**Listed entries**
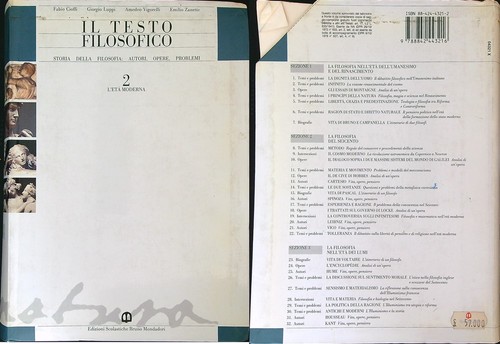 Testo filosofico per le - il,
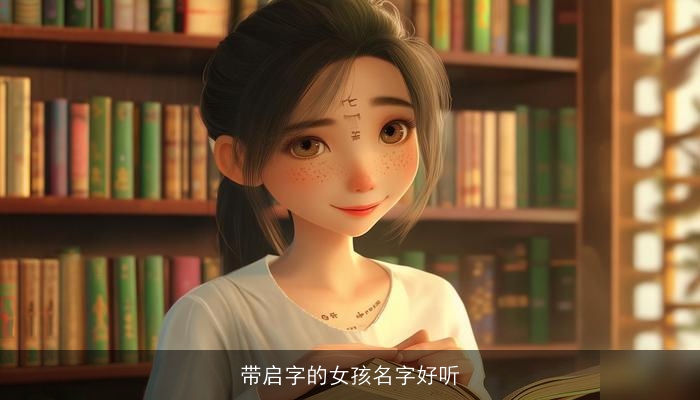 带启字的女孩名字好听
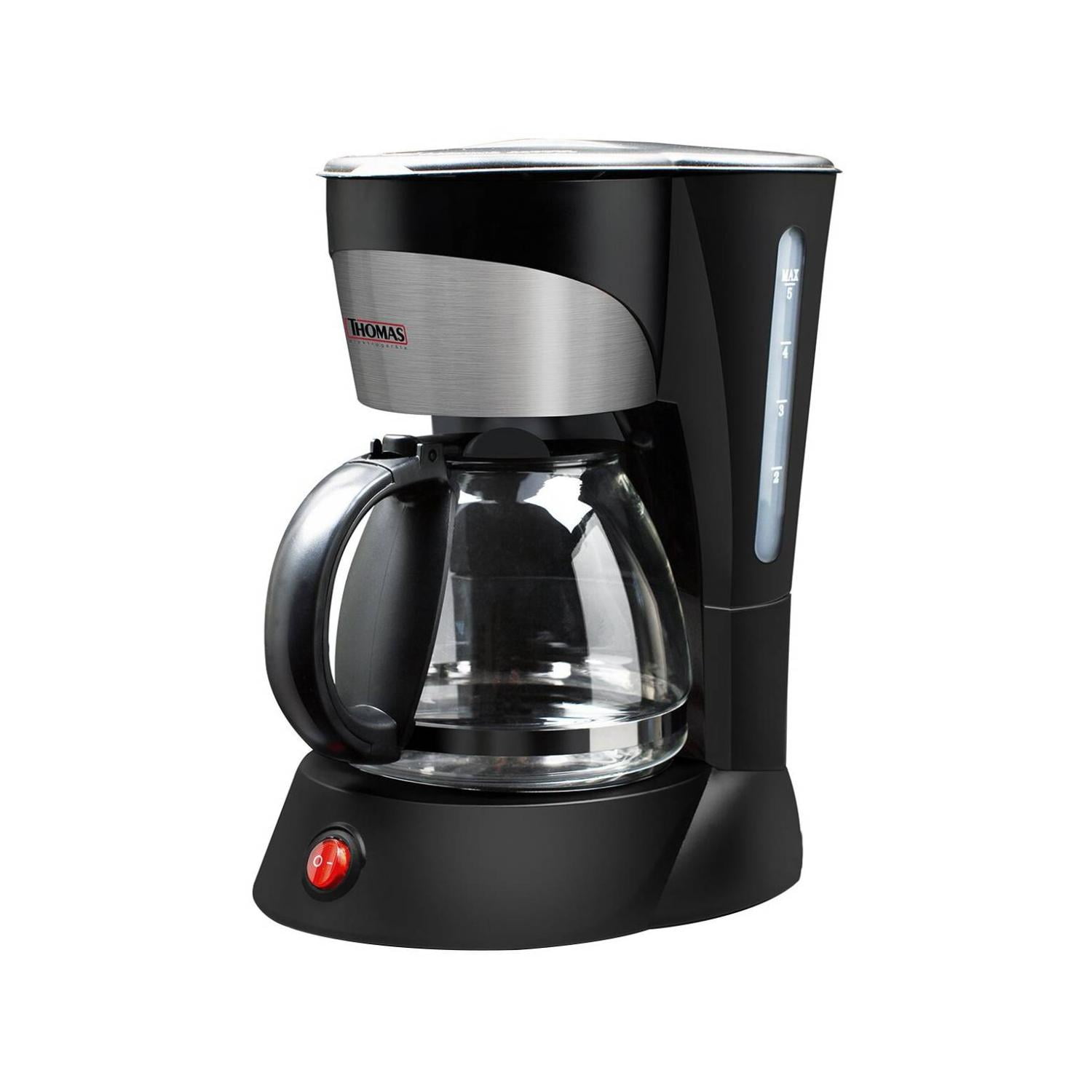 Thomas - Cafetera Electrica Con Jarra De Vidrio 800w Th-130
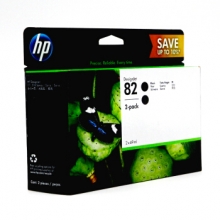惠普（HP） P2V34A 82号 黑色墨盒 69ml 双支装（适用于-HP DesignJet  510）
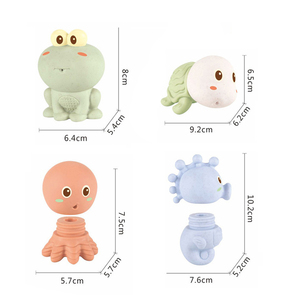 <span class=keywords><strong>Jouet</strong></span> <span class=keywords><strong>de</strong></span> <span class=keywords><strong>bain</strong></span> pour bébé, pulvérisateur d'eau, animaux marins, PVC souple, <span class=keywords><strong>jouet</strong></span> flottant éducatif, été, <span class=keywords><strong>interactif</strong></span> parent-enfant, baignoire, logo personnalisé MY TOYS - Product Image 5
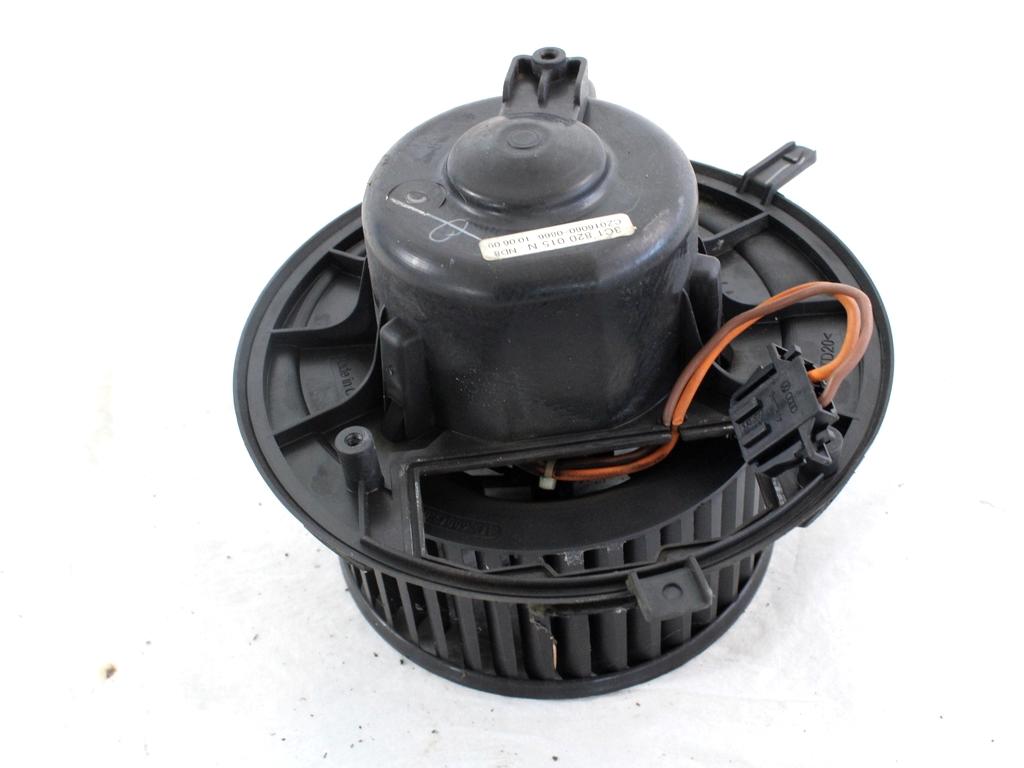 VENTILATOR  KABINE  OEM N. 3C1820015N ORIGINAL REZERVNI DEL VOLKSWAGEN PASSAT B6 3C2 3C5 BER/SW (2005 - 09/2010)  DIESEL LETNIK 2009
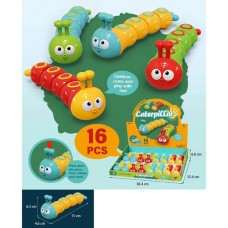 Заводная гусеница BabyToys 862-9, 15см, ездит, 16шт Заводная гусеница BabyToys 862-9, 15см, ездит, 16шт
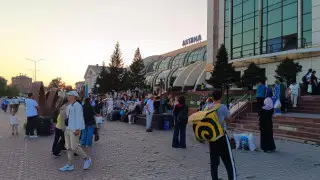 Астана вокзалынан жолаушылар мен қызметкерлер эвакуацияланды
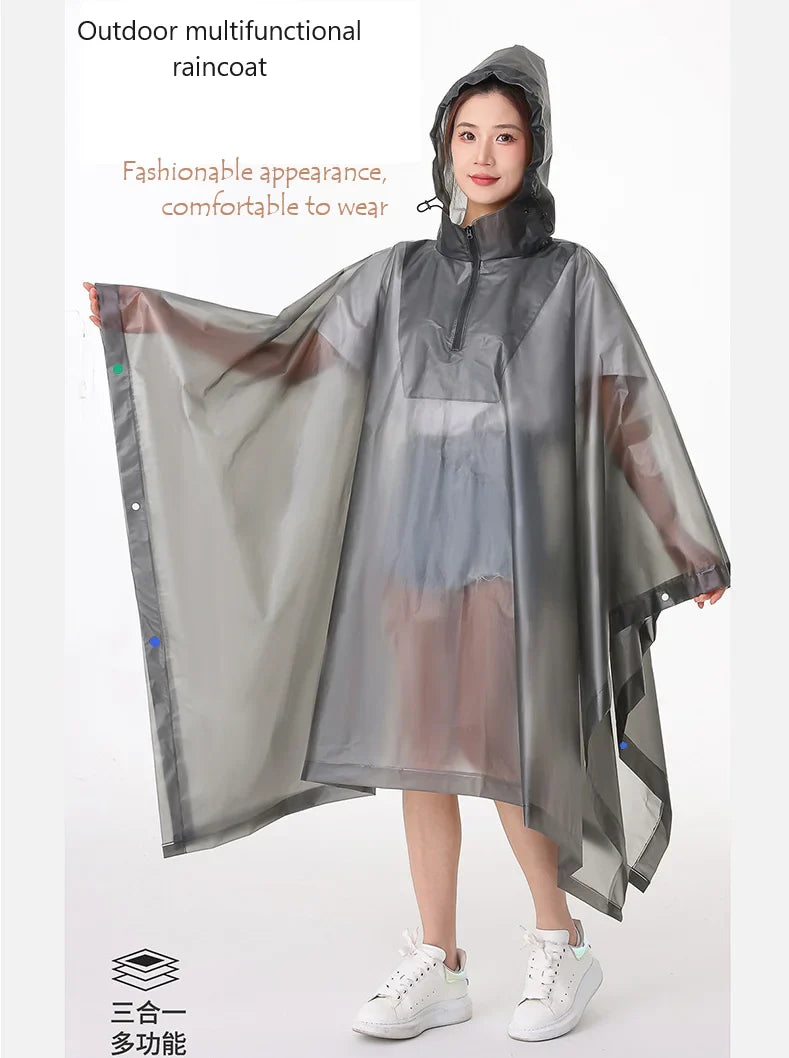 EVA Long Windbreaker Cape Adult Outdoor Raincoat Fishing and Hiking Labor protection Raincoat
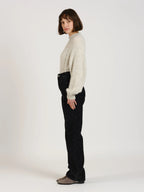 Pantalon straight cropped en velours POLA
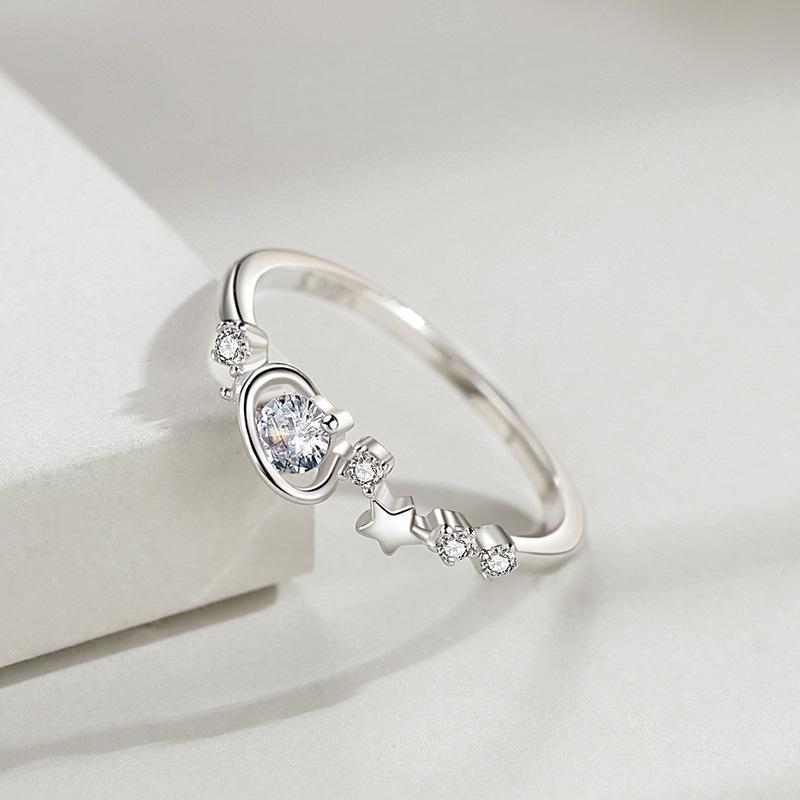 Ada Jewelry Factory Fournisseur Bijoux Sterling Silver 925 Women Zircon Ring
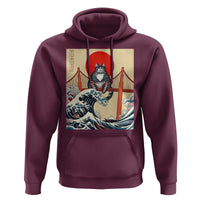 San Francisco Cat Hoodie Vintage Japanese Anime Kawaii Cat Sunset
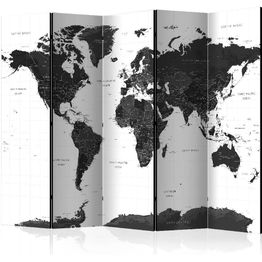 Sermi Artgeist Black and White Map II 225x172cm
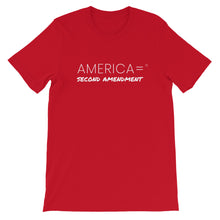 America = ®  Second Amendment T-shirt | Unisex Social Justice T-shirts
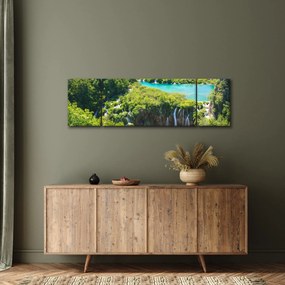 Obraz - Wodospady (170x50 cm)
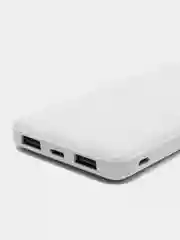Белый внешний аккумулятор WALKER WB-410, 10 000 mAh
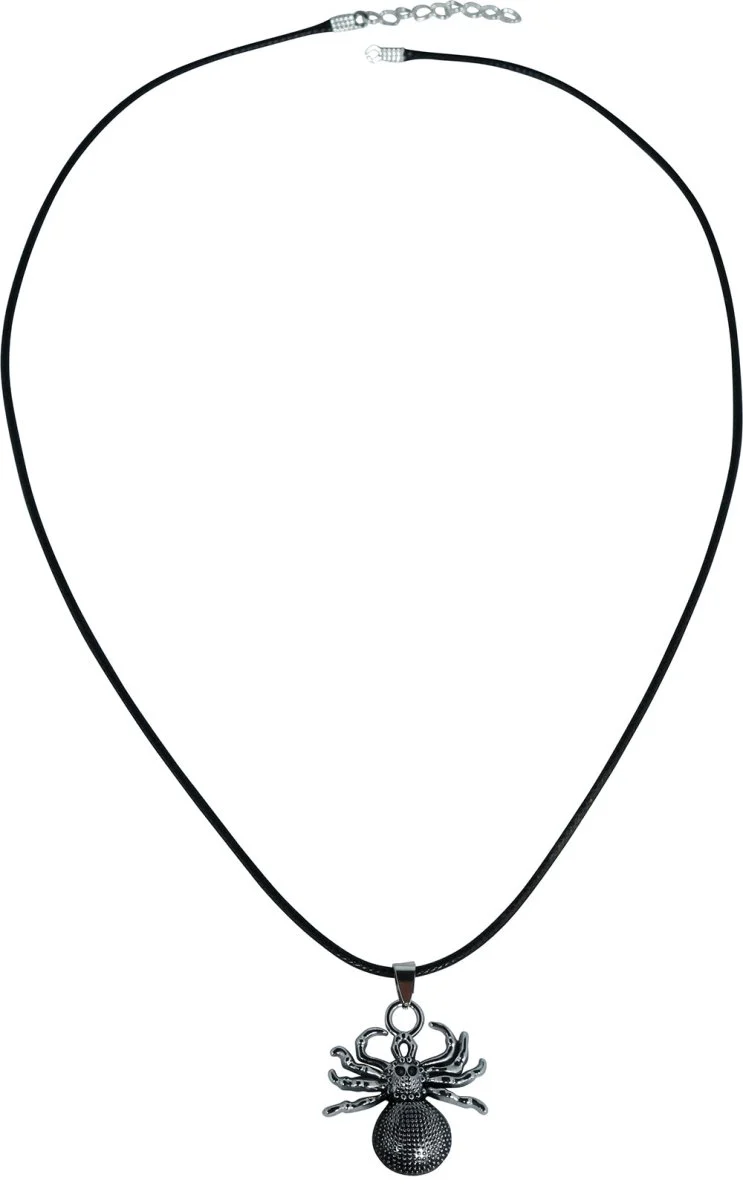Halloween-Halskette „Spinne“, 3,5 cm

**Try it**
Although the entries contain pictures, copy everything else in them exactly.

**The answer**
 Testo filosofico per le - il,
 带启字的女孩名字好听
 Thomas - Cafetera Electrica Con Jarra De Vidrio 800w Th-130
惠普（HP） P2V34A 82号 黑色墨盒 69ml 双支装（适用于-HP DesignJet  510）
 <span class=keywords><strong>Jouet</strong></span> <span class=keywords><strong>de</strong></span> <span class=keywords><strong>bain</strong></span> pour bébé, pulvérisateur d'eau, animaux marins, PVC souple, <span class=keywords><strong>jouet</strong></span> flottant éducatif, été, <span class=keywords><strong>interactif</strong></span> parent-enfant, baignoire, logo personnalisé MY TOYS - Product Image 5
 VENTILATOR  KABINE  OEM N. 3C1820015N ORIGINAL REZERVNI DEL VOLKSWAGEN PASSAT B6 3C2 3C5 BER/SW (2005 - 09/2010)  DIESEL LETNIK 2009
 Заводная гусеница BabyToys 862-9, 15см, ездит, 16шт Заводная гусеница BabyToys 862-9, 15см, ездит, 16шт
 Астана вокзалынан жолаушылар мен қызметкерлер эвакуацияланды
 EVA Long Windbreaker Cape Adult Outdoor Raincoat Fishing and Hiking Labor protection Raincoat
 Pantalon straight cropped en velours POLA
 Ada Jewelry Factory Fournisseur Bijoux Sterling Silver 925 Women Zircon Ring
 San Francisco Cat Hoodie Vintage Japanese Anime Kawaii Cat Sunset
 Sermi Artgeist Black and White Map II 225x172cm
 America = ®  Second Amendment T-shirt | Unisex Social Justice T-shirts
 Obraz - Wodospady (170x50 cm)
Белый внешний аккумулятор WALKER WB-410, 10 000 mAh
Halloween-Halskette „Spinne“, 3,5 cm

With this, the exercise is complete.